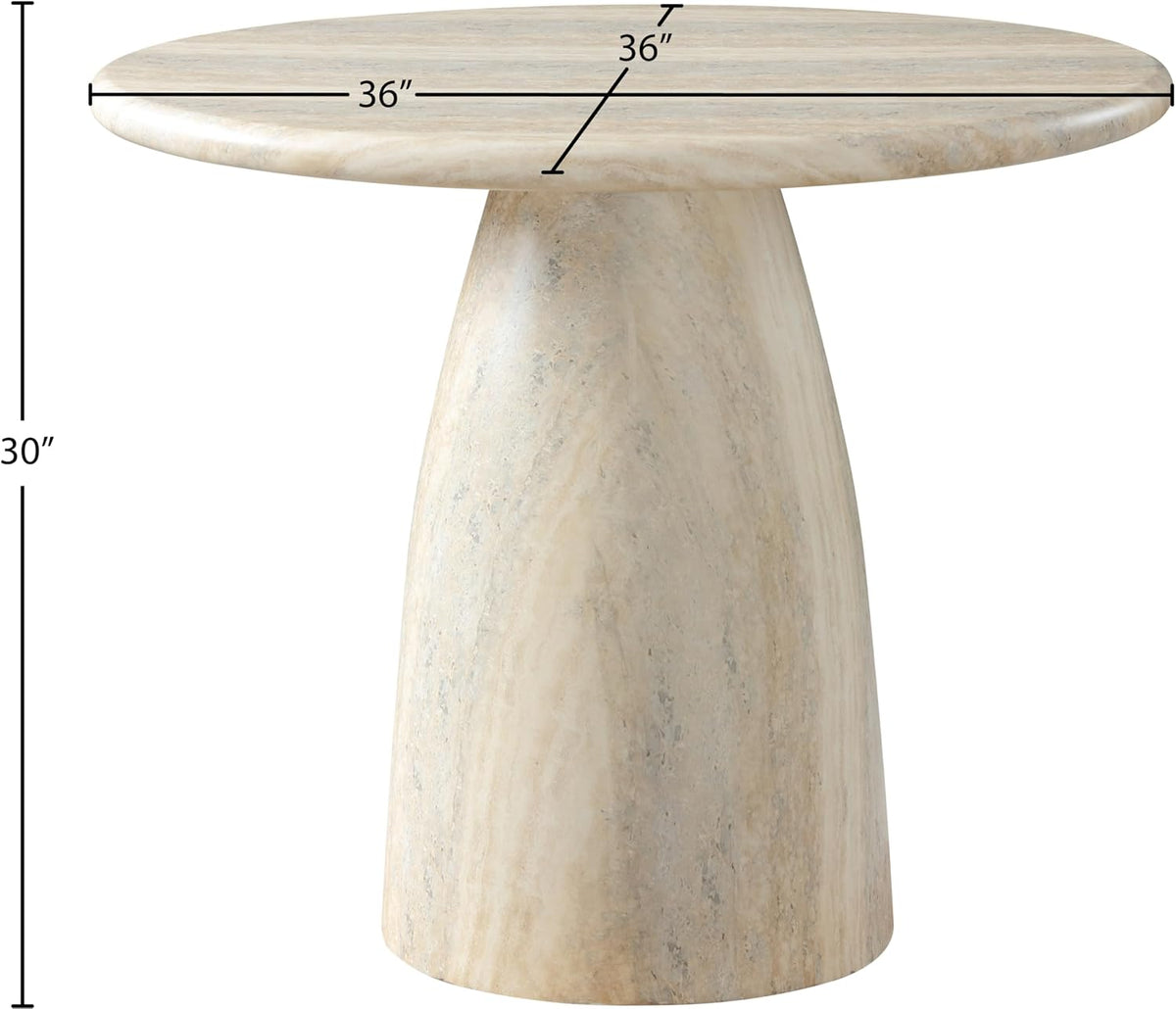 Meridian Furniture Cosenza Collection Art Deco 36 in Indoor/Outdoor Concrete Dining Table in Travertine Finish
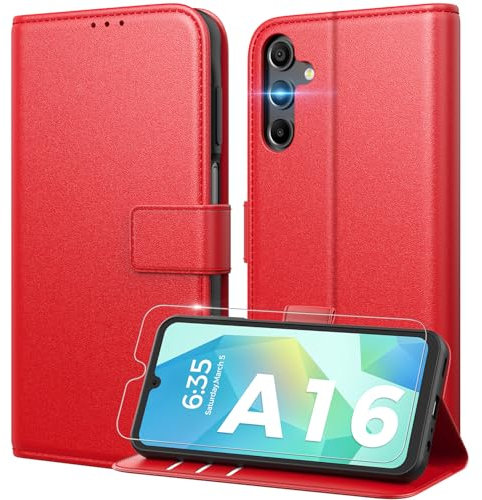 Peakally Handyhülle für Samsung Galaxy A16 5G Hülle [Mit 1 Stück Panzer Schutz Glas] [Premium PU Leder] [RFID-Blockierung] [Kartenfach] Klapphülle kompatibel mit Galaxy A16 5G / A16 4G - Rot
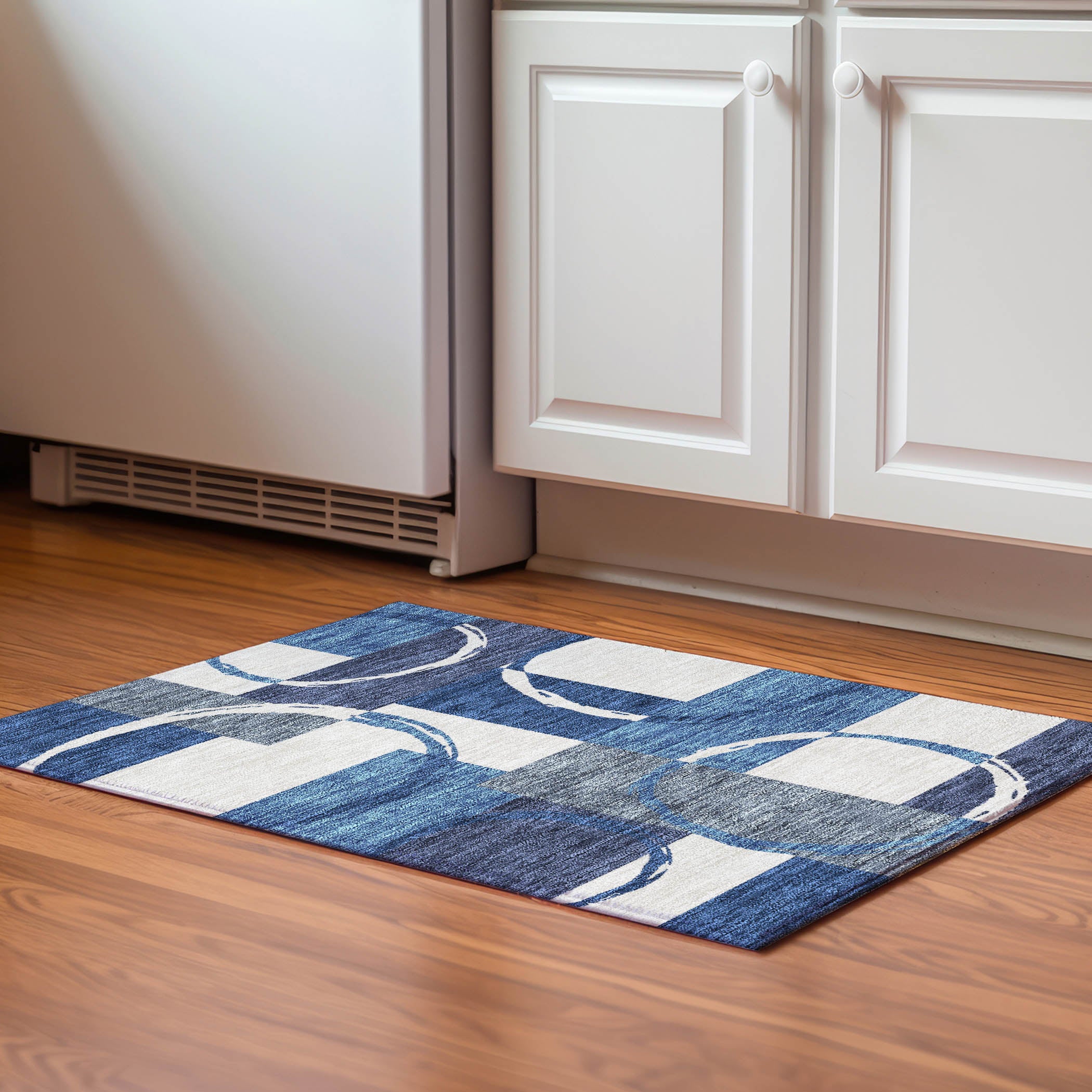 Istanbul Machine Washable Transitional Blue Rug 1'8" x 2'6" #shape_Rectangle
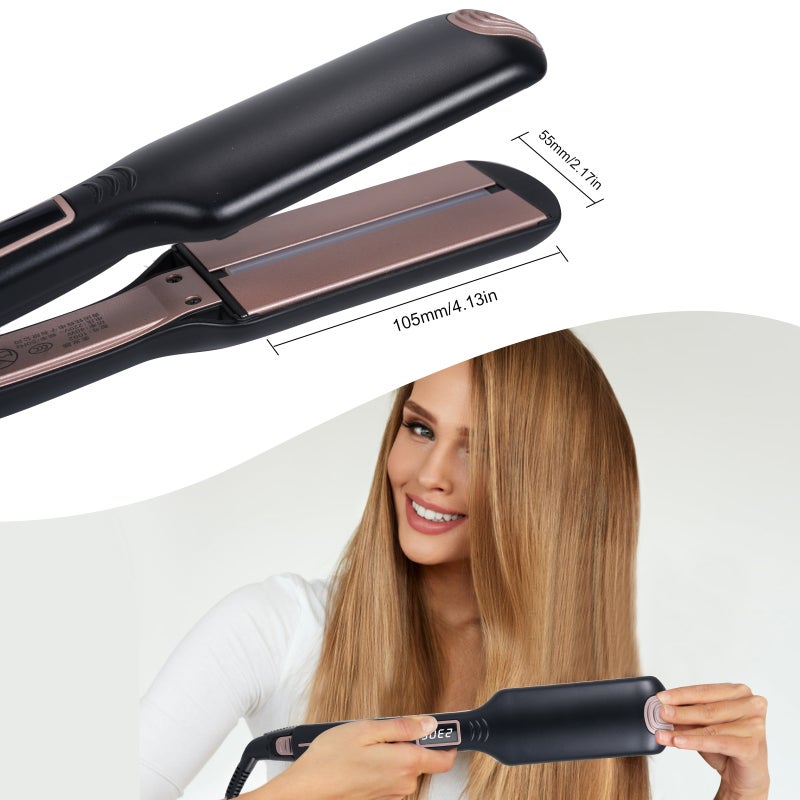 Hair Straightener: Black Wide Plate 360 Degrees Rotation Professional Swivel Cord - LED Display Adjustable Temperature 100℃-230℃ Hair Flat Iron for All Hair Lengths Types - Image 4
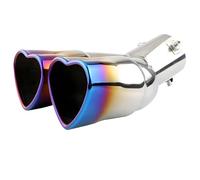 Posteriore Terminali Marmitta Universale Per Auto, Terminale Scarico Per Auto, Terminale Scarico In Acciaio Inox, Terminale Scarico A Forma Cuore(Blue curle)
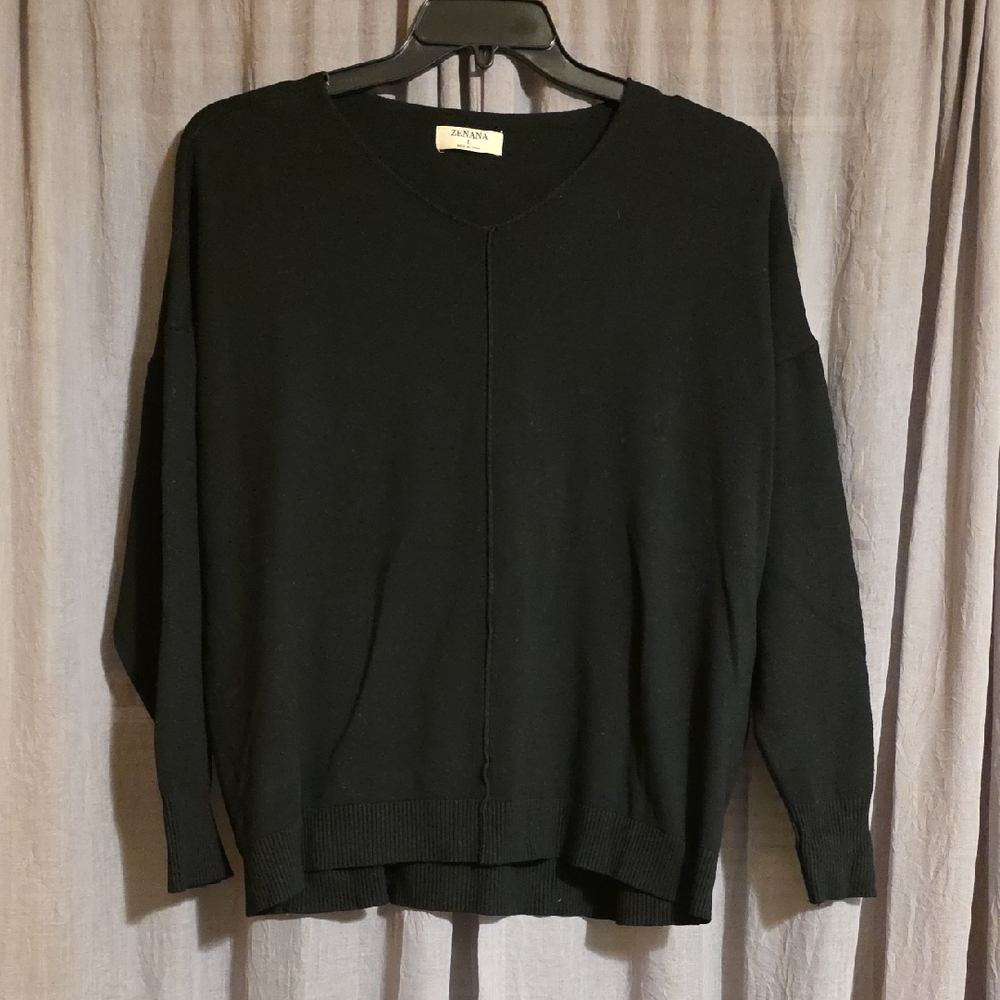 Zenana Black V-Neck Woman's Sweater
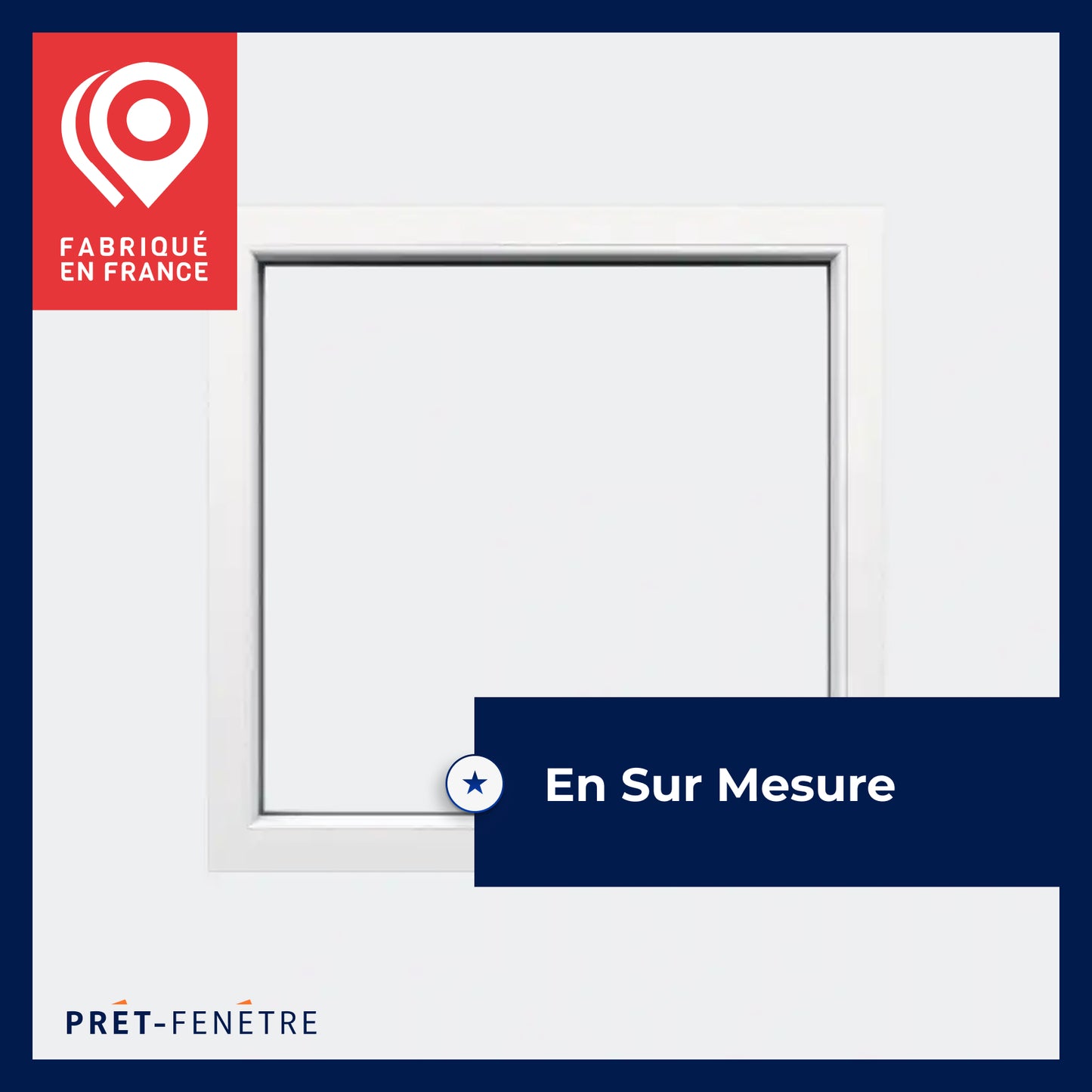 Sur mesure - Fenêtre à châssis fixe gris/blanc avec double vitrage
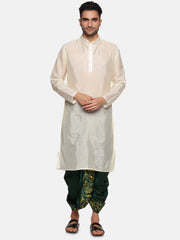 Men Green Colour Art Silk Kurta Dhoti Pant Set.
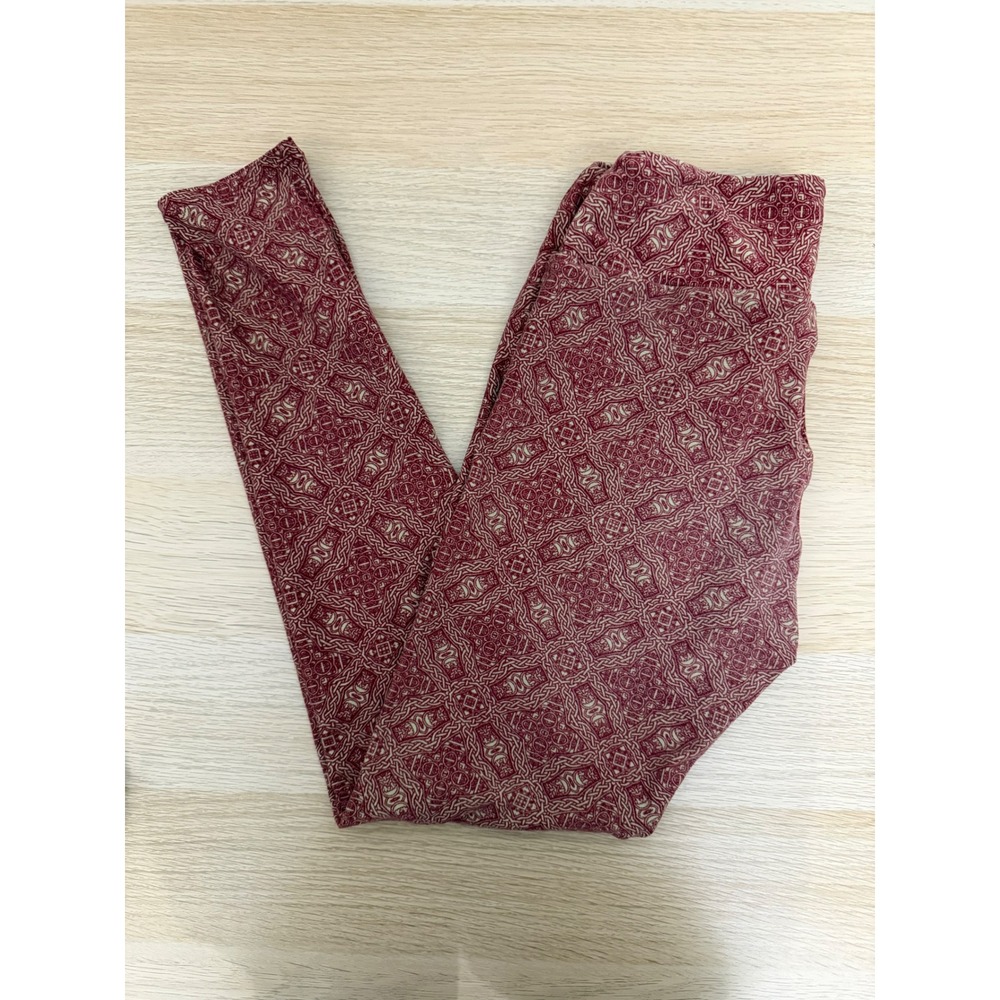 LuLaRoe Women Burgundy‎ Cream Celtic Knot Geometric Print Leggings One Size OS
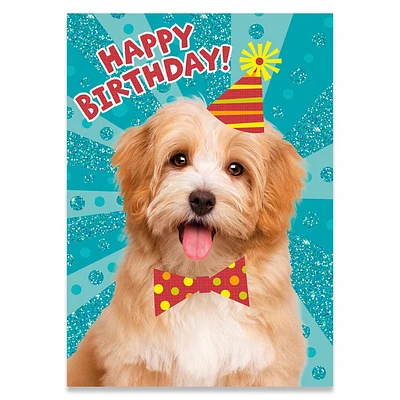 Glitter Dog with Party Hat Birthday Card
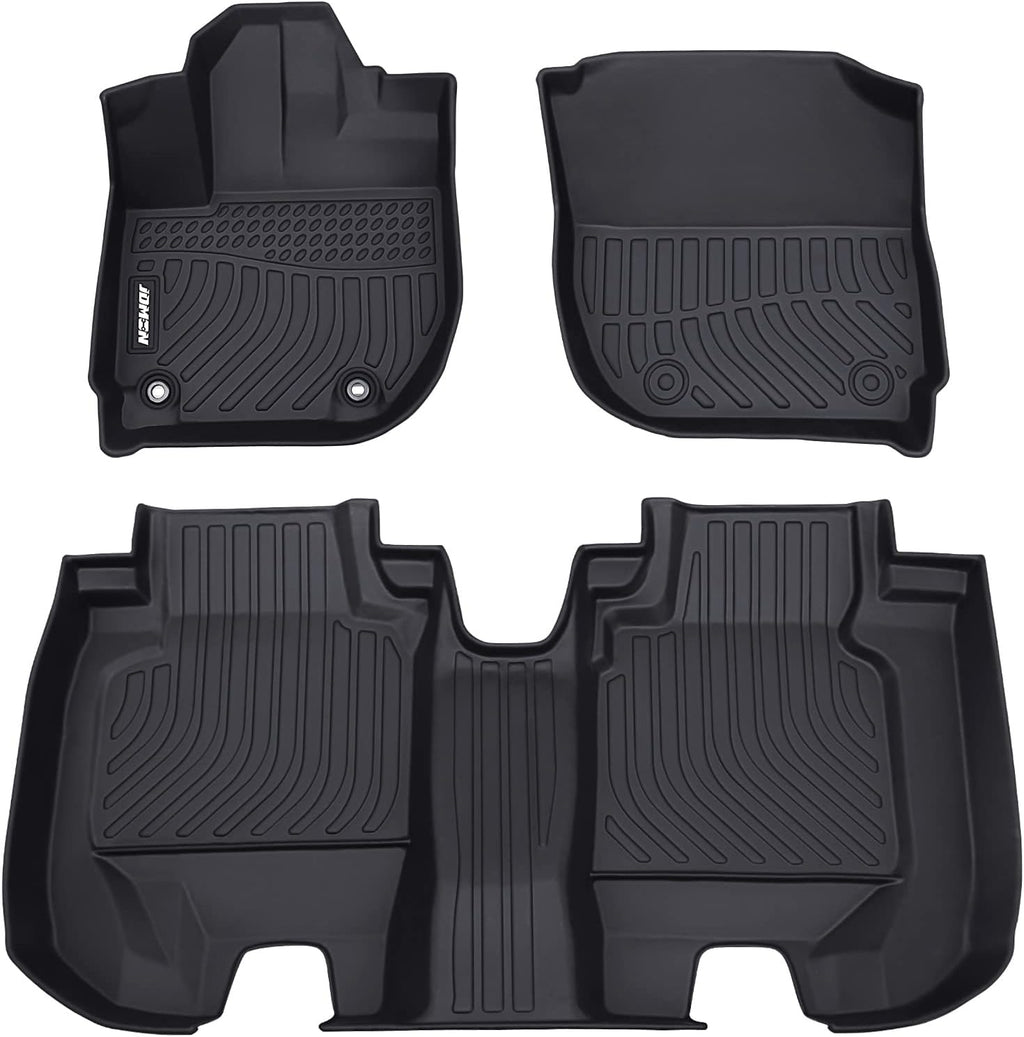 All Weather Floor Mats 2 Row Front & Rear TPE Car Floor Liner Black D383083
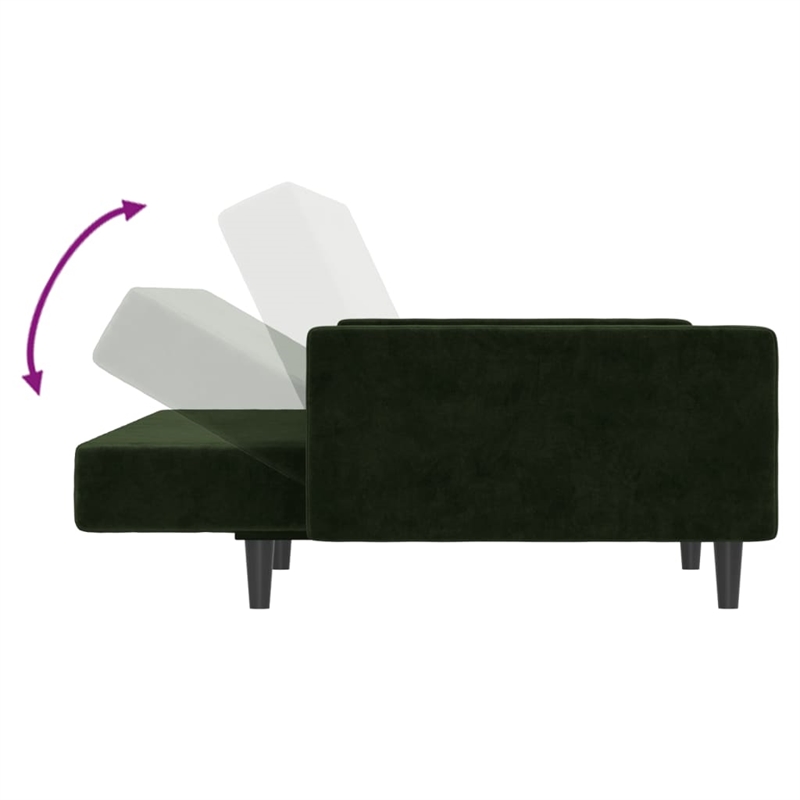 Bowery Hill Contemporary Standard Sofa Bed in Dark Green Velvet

-------

● **Task item**
Drop the images; restate the listing exactly.

● **Finished task**
 Meridian Furniture Cosenza Collection Art Deco 36 in Indoor/Outdoor Concrete Dining Table in Travertine Finish
 Peakally Handyhülle für Samsung Galaxy A16 5G Hülle [Mit 1 Stück Panzer Schutz Glas] [Premium PU Leder] [RFID-Blockierung] [Kartenfach] Klapphülle kompatibel mit Galaxy A16 5G / A16 4G - Rot
 Istanbul Machine Washable Transitional Blue Rug 1'8" x 2'6" #shape_Rectangle
 Hair Straightener: Black Wide Plate 360 Degrees Rotation Professional Swivel Cord - LED Display Adjustable Temperature 100℃-230℃ Hair Flat Iron for All Hair Lengths Types - Image 4
 Posteriore Terminali Marmitta Universale Per Auto, Terminale Scarico Per Auto, Terminale Scarico In Acciaio Inox, Terminale Scarico A Forma Cuore(Blue curle)
 Zenana Black V-Neck Woman's Sweater
 Sur mesure - Fenêtre à châssis fixe gris/blanc avec double vitrage
 Men Green Colour Art Silk Kurta Dhoti Pant Set.
 LuLaRoe Women Burgundy‎ Cream Celtic Knot Geometric Print Leggings One Size OS
 Glitter Dog with Party Hat Birthday Card
 All Weather Floor Mats 2 Row Front & Rear TPE Car Floor Liner Black D383083
 Bowery Hill Contemporary Standard Sofa Bed in Dark Green Velvet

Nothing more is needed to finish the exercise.